OTTAWA -- Canada’s top cybersecurity agency has initiated the takedown of more than 1,000 “malicious imitation” websites attempting to scam or misinform people about the government’s COVID-19 financial aid programs. It has also observed phishing attempts preying on people’s anxiety around the pandemic—some by state-sponsored actors— masquerading as messages from public health officials.

A new report from the Communications Security Establishment (CSE)— one of Canada’s central intelligence agencies—found that in the last two months cybercriminals have set up fake Government of Canada websites, the majority of which were pretending to be the Canada Revenue Agency or related to the Canada Emergency Response Benefit (CERB).

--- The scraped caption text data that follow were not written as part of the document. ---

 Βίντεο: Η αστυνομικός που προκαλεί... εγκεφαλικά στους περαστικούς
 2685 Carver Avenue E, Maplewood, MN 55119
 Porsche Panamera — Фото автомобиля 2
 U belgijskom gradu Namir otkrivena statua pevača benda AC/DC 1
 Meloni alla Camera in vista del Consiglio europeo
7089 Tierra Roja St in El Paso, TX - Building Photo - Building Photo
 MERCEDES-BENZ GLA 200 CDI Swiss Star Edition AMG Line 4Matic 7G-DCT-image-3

Through these webpages—described as “convincing copies” of official sites— the cyber actors attempt to trick people into divulging personal financial information they thought was going to the federal government. CSE said that is has made moves to have these sites taken down.

These sites are just some of the more than 120,000 newly registered COVID-19-themed domains that the agency is aware of in the last month. Further, cyber actors are also using phishing schemes—asking people to click links that download malicious and information-stealing software.

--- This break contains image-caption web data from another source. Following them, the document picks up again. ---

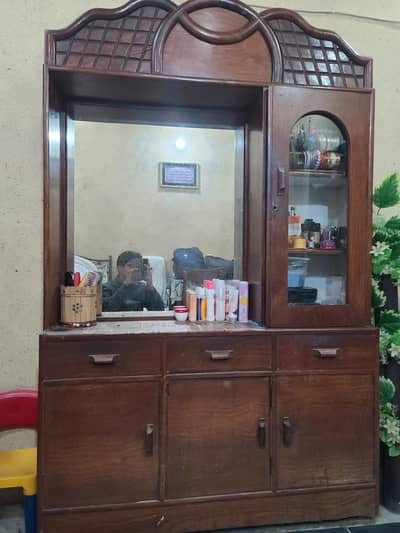 Wooden Dressing Table in good condition for sale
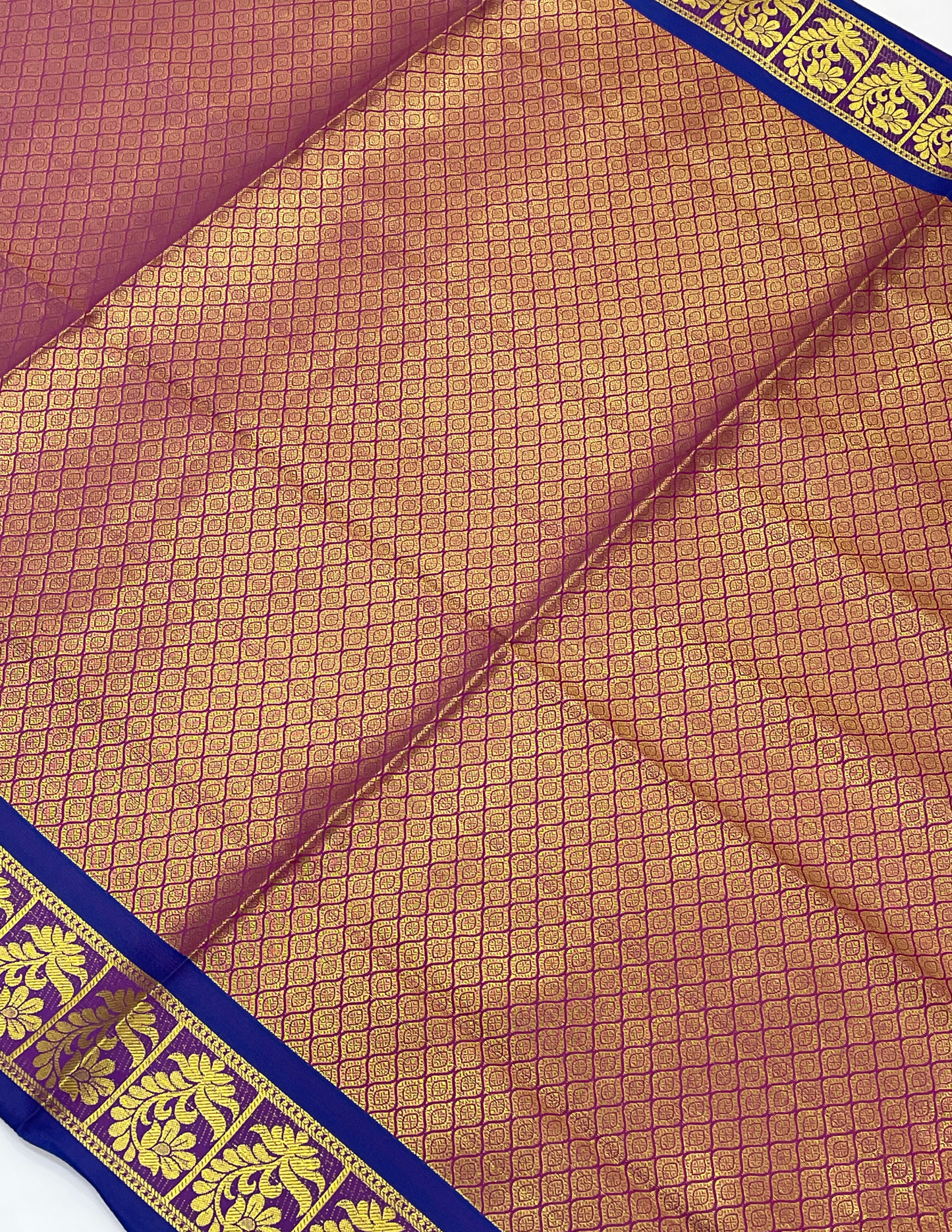 Alluring Purple Color Silk Shawl Ponnadai In Chandler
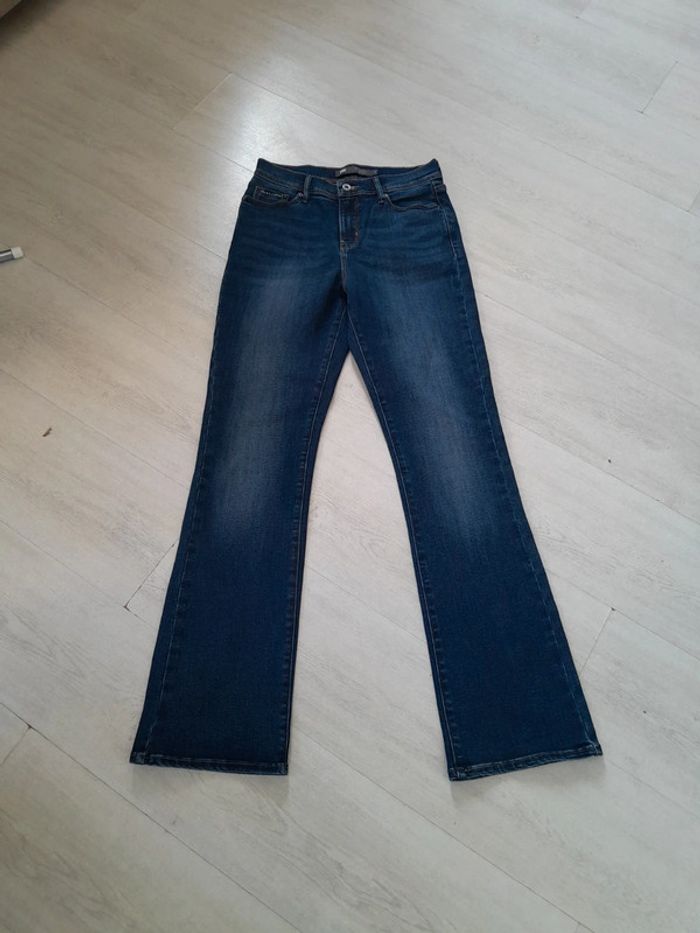 Jean Levi's 512 boot cut perfection Slimming 28/32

In the report released on May 26, the agency said most of the phishing attempts they have pinpointed deliver malware “associated with either state-sponsored groups or well-known cybercriminals.”

“Canadian public health responses and initiatives are being repurposed by state-sponsored cyber threat actors and cybercriminals as COVID-19 lures for the purpose of targeting Canadians and Canadian organizations,” the report found.

One such example happened on March 10, when phishing emails impersonating the Public Health Agency of Canada’s Chief Public Health Officer Dr. Theresa Tam were used to embed malware from an attachment, cloaked as an “important COVID-19 update.”

Other examples have been emails advertising medical supplies, or to elicit donations.

“Cyber threat actors know that affected populations are anxious about the future and less likely to act prudently when presented with emails, SMS messages, or advertisements involving COVID-19 that would otherwise seem suspicious,” said the agency.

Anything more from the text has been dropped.